Cool-season forages have long been the highest quality feed that can be grown for winter livestock supplementation in the Southeast.
Land preparation, seed and fertilizer costs have risen to the point that ranchers should be very selective to ensure the type of cool-season forages fit their management system, and that the varieties of seed purchased have been tested in the region for performance and disease resistance.
There are a number of choices as to the type of annual cool season forages to grow. There is no single best choice, but blends can provide longer seasons of grazing and protection against variable climate and weather conditions.
Cool season forages are most productive when planted on tilled-land set aside for annual forage crops, or following warm season row crops immediately after harvest.
While the majority of cool season forages are grown for grazing, they can also be used to make excellent quality hay and silage, which may be an alternative for crop land without fencing, or not convenient for animal grazing.
Small grains, such as oats, rye, triticale and wheat, offer rapid, vigorous growth and early grazing after planting.
Most small grain varieties have been developed for grain production; however, there are forage types. Because they are a large seeded crop, small grains should be planted 1-2 inches deep and are most productive when planted on a prepared seedbed with a drill. Small grains grown for hay or silage have greater risk of disease and should be scouted and treated as needed using labeled pesticides.
Ryegrass and the brassicas are small-seeded cool-season annual forages with wide adaptability to Florida soils. Ryegrass provides high-quality forage and is excellent for grazing, hay or silage.
The brassicas: turnips, kale, and rape are actually winter vegetables that provide rapid growth for quick, but limited grazing.

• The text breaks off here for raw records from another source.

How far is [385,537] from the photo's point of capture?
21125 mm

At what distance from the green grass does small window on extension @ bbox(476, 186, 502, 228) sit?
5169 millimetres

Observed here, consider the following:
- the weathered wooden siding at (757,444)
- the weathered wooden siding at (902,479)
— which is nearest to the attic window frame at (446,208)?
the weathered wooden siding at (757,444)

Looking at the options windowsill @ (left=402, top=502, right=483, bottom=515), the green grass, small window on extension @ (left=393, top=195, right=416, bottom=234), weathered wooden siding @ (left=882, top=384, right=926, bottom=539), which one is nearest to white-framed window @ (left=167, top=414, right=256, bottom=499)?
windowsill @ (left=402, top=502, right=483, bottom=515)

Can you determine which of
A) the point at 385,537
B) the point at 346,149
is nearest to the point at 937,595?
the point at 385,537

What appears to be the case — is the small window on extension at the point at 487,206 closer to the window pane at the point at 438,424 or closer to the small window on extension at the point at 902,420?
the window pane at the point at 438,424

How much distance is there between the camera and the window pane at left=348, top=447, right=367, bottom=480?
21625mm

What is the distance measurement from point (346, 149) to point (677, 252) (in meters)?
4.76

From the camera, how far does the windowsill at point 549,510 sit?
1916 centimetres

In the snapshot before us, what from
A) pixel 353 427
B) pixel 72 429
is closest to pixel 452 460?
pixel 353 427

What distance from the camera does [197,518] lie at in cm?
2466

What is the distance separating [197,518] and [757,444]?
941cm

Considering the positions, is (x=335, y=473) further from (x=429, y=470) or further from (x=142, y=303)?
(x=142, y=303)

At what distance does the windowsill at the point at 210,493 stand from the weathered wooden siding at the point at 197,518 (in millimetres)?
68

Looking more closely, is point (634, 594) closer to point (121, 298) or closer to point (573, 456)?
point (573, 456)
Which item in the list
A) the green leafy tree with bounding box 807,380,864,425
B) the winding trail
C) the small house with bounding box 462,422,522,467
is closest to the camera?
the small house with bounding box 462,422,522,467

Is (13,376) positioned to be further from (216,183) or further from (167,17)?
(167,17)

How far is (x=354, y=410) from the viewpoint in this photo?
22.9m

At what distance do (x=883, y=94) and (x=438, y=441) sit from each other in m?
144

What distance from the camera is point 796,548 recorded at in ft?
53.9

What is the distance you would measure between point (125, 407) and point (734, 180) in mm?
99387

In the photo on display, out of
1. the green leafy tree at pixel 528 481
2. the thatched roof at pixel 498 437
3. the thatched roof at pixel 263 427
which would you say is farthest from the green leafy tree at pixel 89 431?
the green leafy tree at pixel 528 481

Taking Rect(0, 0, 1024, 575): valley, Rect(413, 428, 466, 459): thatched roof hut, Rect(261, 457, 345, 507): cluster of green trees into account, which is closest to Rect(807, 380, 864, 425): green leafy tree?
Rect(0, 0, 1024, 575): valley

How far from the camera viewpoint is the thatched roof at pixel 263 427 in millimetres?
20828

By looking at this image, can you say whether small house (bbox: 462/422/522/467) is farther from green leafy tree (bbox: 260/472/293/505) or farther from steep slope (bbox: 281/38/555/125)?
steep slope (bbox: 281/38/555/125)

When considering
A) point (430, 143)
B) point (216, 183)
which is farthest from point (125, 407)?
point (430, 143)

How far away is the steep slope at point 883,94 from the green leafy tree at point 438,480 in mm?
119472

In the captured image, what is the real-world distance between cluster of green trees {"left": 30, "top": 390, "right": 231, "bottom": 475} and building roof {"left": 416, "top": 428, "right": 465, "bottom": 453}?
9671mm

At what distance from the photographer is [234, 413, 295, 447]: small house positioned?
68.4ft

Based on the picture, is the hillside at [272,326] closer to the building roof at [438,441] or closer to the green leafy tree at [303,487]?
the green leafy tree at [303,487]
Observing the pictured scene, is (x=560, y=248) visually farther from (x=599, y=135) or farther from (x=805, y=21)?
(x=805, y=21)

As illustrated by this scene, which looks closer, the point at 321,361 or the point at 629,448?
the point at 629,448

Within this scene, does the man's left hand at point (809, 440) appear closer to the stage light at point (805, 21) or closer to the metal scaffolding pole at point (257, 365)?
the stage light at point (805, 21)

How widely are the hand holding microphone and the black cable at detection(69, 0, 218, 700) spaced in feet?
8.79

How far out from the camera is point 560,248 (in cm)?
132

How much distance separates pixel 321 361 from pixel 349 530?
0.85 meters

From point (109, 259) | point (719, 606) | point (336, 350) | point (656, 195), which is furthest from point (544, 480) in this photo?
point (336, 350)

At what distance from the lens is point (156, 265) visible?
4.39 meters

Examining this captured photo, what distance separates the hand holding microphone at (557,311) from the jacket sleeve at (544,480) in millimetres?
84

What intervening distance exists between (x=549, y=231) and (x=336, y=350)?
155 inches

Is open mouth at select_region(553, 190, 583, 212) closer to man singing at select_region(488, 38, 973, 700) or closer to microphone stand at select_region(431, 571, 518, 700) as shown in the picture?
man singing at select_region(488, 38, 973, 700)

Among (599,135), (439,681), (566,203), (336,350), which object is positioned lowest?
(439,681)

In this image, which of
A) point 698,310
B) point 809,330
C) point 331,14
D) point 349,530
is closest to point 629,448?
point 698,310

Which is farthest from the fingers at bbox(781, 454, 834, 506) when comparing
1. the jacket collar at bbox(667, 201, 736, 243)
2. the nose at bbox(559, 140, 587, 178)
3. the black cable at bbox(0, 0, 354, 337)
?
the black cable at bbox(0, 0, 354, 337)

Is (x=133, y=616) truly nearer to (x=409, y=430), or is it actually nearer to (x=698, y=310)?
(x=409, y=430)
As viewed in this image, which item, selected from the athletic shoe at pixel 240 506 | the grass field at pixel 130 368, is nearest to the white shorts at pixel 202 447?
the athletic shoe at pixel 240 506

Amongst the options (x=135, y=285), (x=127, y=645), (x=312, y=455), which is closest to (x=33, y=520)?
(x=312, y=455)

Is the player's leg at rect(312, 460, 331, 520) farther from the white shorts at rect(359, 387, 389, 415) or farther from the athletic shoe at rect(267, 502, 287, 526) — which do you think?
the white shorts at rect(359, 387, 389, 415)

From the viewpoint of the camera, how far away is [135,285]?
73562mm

Ryegrass and turnips can be planted with a drill, cultipacker seeder or broadcast and lightly covered and can even be planted with a no-till drill or aerator in dormant sod.
Cool season legumes are small-seeded plants that do not require nitrogen fertilizer and will provide some residual nitrogen for warm-season crops that follow.
Legumes generally require higher soil pH than perennial grasses. Legumes do require specific inoculants or bacteria that produce nitrogen on their roots.
Most commercial legume seed comes coated or pre-inoculated but some need the inoculant mixed with seed just prior to planting.
Legumes can be over-seeded into dormant perennial grass pastures, or planted in blends with small grains or ryegrass to improve forage quality and extend the grazing season.
If allowed to mature and produce seed, there are several legume varieties that will reseed. Legumes are sensitive to many of the broadleaf herbicides used in pastures, so you may be forced to decide which is more valuable, a weed free pasture or the legumes.